Laica mengatakan, penyelidik tidak punya kewenangan menangkap tanpa seizin penyidik. Jadi, penyelidik harus membawa surat tugas dan surat perintah penangkapan jika akan menangkap seseorang. Jika penyelidik menangkap tanpa surat, itu merupakan tindakan sewenang-wenang.
"Ketika ditangkap, harus diperlihatkan surat tugas dan surat penangkapan. Itu harus ada, kalau enggak, itu terjadi perampasan kemerdekaan," tambah pengajar di Universitas Hasanudin, Makassar tersebut.
Selain itu, lanjut Laica, penetapan tersangka tidak boleh dilakukan di tahap penyelidikan. Penetapan tersangka semestinya ada di tahap penyidikan, yakni setelah ditemukan dua alat bukti yang cukup.
Tanpa dua alat bukti yang cukup, kata dia, maka penyidik tidak dapat melakukan langkah apa pun, termasuk penangkapan. Hal itu sudah diatur dalam Pasal 184 KUHAP.
"Operasi tangkap tangan tidak dikenal dalam KUHAP. Kata itu tidak termasuk tangkap tangan apabila didahului serangkaian upaya penelitian, itu bukan operasi tangkap tangan," kata Laica.

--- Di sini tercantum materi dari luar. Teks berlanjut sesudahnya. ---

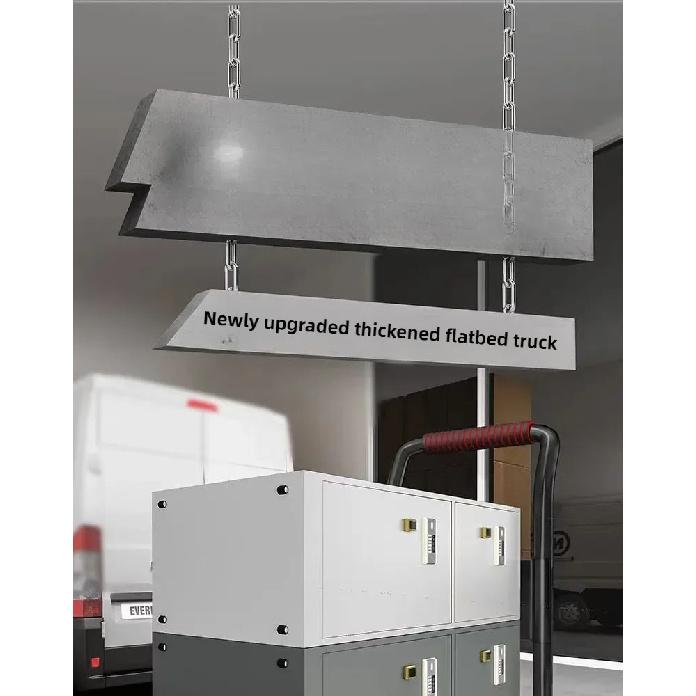 Stable Folding handcart, small cargo cart, warehouse trailer, portable four-wheel silent shopping cart, handling flatbed truck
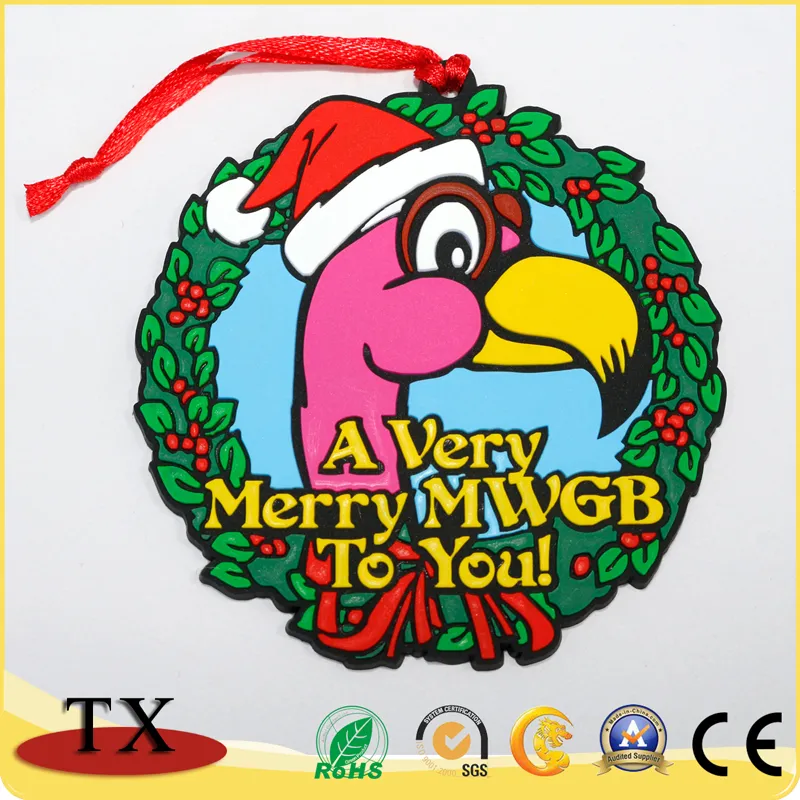 PVC Keychain Creative New Product Medal Fridge Magnet Customized Style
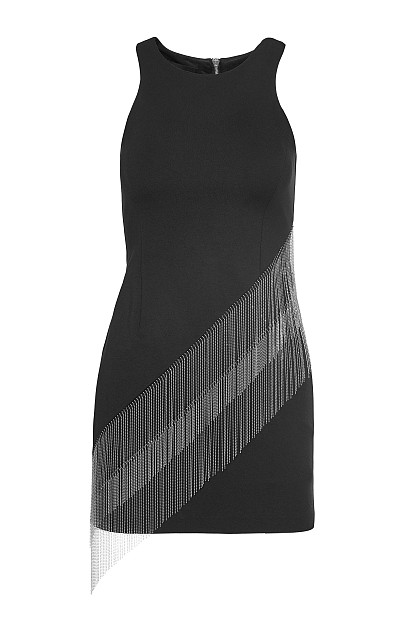 Rochie scurtă cu lănțișoare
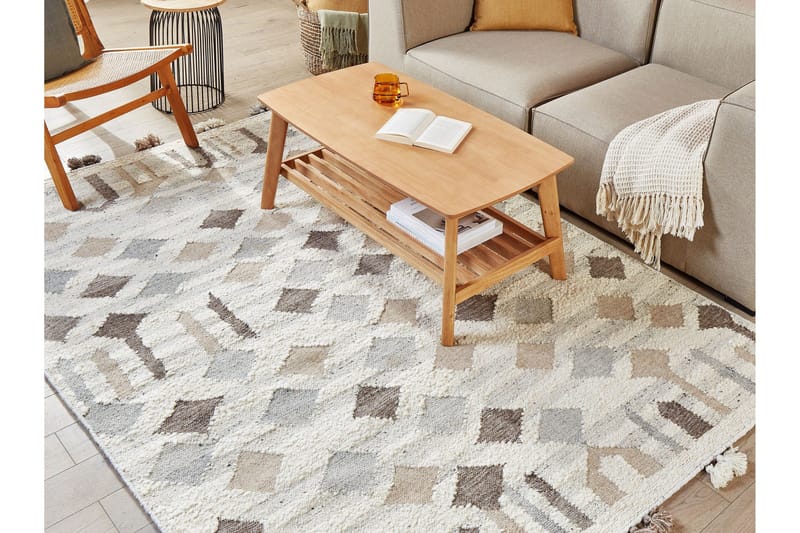 Kaghtsrashen Kelimmatta 160x230 cm - Beige - Textilier & mattor - Mattor - Orientaliska mattor - Kelimmattor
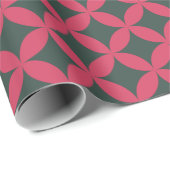 Mid-Century Mod Geometrische Retro Modern Helder R Cadeaupapier (Rol Hoek)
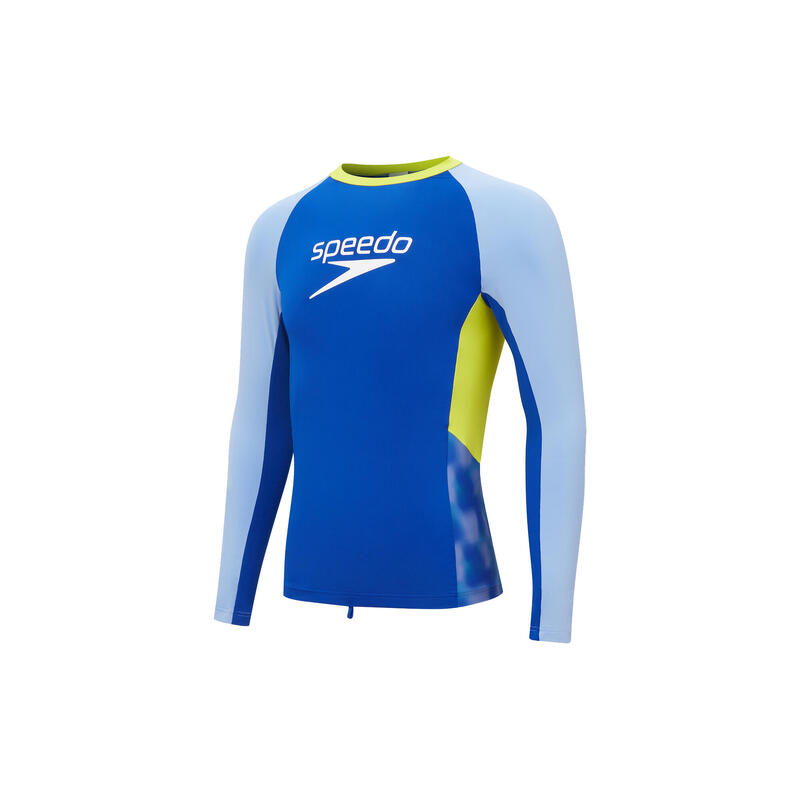 Surfseeker Men'S Long Sleeve Rashguard - Blue Combo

Dia memaparkan bahwa operasi tangkap tangan adalah istilah yang mengandung makna kontradiksi atau berlawanan. "Saya mempertegas operasi tertangkap tangan tidak digunakan, itu mengacaukan istilah hukum karena istilah operasi dan tertangkap tangan itu kontradiksi, mengandung pertentangan," kata Laica.
Saat ditanya mengenai prosedur tangkap tangan, dosen Universitas Indonesia (UI), Universitas Padjajaran (Unpad), Universitas Parahyangan (Unpar) dan guru besar Universitas Hasanuddin (Unhas) itu menjawab bahwa hal tersebut dapat dilakukan tanpa surat perintah.
"Tertangkap tangan tidak perlu ada surat perintah penangkapan karena antara dilakukannya dan penangkapannya temponya bersamaan, jadi tidak lagi digunakan istilah operasi tangkap tangan, itu mengacaukan hukum acara," ujar Laica.
Terkait tidak dihadirkannya Irman Gusman di persidangan ini, alasan KPK belum menerima surat dari pengadilan untuk memanggil Irman Gusman sebagai saksi. "Bisa tidak dihadirkan sekarang?" tanya hakim tunggal I Wayan Karya.
Atas pertanyaan tersebut KPK meminta hakim mencari waktu lain untuk menghadirkan Irman Gusman karena hingga saat ini belum ada surat yang diterima oleh KPK.
"Mungkin kita cari waktu yang lainnya, karena tidak mungkin dilaksanakan, jadi sesuai prosedur KPK untuk tahanan atau tersangka keluar dari ruang tahanan, pihak pemasyarakatan akan bertanya dasar tujuan kami. Kemudian pada prisnsipnya kami menunggu surat itu," kata Kabiro Hukum KPK Setiadi.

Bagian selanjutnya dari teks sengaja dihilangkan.